Le corps déplore seize décès dus à des complications au coronavirus jusqu'alors. Tétanisés par la menace endémique, des médecins ont déposé un arrêt de travail. "Le syndicat a dénoncé un manquement à l'éthique en période de crise sanitaire. Heureusement, beaucoup d'autres ont préféré continuer à exercer en consentant des sacrifices", souligne le Dr Merabet. Des soignants renoncent à la vie de famille pour protéger leurs enfants, leurs conjoints et leurs parents.
Ils sont hébergés dans des sites réservés à la périphérie de la ville des Roses (un hôtel et une villa mis à leur disposition par des donateurs ainsi que les centres de formation de Sonelgaz et de la Badr). D'autres préfèrent ne pas bousculer leurs habitudes. Afin de ne pas exposer le corps soignant au burn-out, la durée des gardes est réduite exceptionnellement de 24 heures à 12 heures. "Tous les médecins de l'hôpital sont réquisitionnés au moins une fois dans un service Covid-19.
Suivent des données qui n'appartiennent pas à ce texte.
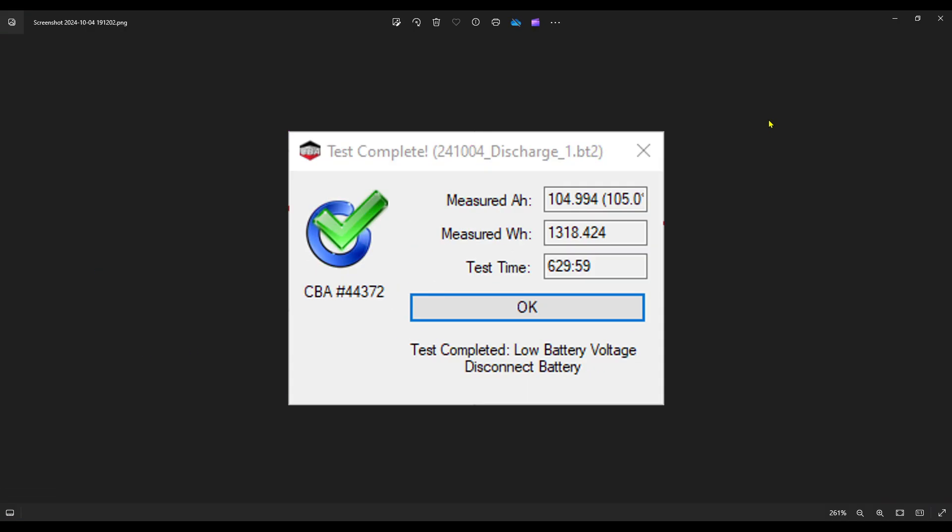Okay, so here are the high-level test results. You can see our measured amp hours, our draw was 104.994 or 105 amps which is pretty good. The measured watts 1318. Keep in mind the battery's rated for 1280. Test time was 629 minutes and 59 seconds or essentially 10 and a half hours.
Les résidents y passent une garde par mois", explique-t-on. Être en contact avec des patients sans lien apparent avec la maladie virale ne diminue pas outre mesure le stress. "Dans le service, chaque jour est un jour nouveau. Nous ne savons pas si les malades que nous recevons, en nombre réduit certes, sont contaminés ou pas. C'est perturbant", estime le Pr S., qui veut lui aussi garder l'anonymat.
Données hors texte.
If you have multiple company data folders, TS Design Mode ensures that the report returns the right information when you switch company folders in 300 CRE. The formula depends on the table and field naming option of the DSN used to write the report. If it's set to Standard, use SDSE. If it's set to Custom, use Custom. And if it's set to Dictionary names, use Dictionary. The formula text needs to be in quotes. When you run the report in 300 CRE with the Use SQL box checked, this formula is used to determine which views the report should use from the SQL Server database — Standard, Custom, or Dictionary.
"Actuellement, nous considérons tous les patients présentant des symptômes grippaux comme des cas potentiels de Covid-19. Le premier diagnostic est souvent fait en polyclinique. Nous suivons les orientations du ministère. Nous avons reçu jusqu'à présent 16 notes", corrobore le Dr B. Aux horaires de bureau conventionnels (8h-16h), l'EPSP enregistre, habituellement, une moyenne de 200 consultations, quotidiennement. Elle consigne dans ses registres, ces dernières semaines, à peine une cinquantaine de patients par jour.
"Les gens, surtout ceux qu'on considérait comme de faux malades, ont peur de venir à la polyclinique", précise notre interlocuteur. "La situation s'est nettement améliorée dans les structures de santé. Les dispositifs de protection sont disponibles, mais pas encore en quantité suffisante", relève le Dr Merabet.
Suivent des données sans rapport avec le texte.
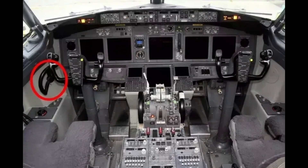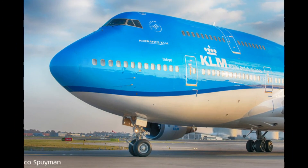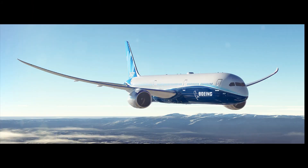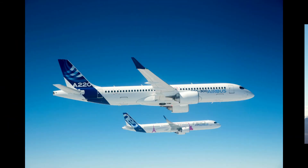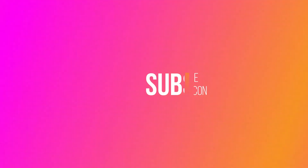Turning the tiller causes the airplane's front landing wheels to turn in the same direction. Turning the tiller only works when the airplane is on the ground. If an airplane is off the ground, even by just a few feet, the pilot must adjust the airplane's ailerons to steer it. Turning the tiller only changes the direction of the airplane's front landing gear wheels, making it ineffective when the airplane is in the air.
Il insiste sur l'impératif de dépister systématiquement le personnel soignant, ne serait-ce que pour atténuer les traumatismes. "C'est un accompagnement psychologique pour les personnes saines. Les professionnels contaminés, mais sans symptômes, doivent absolument être isolés des malades et de leurs confrères", précise-t-il.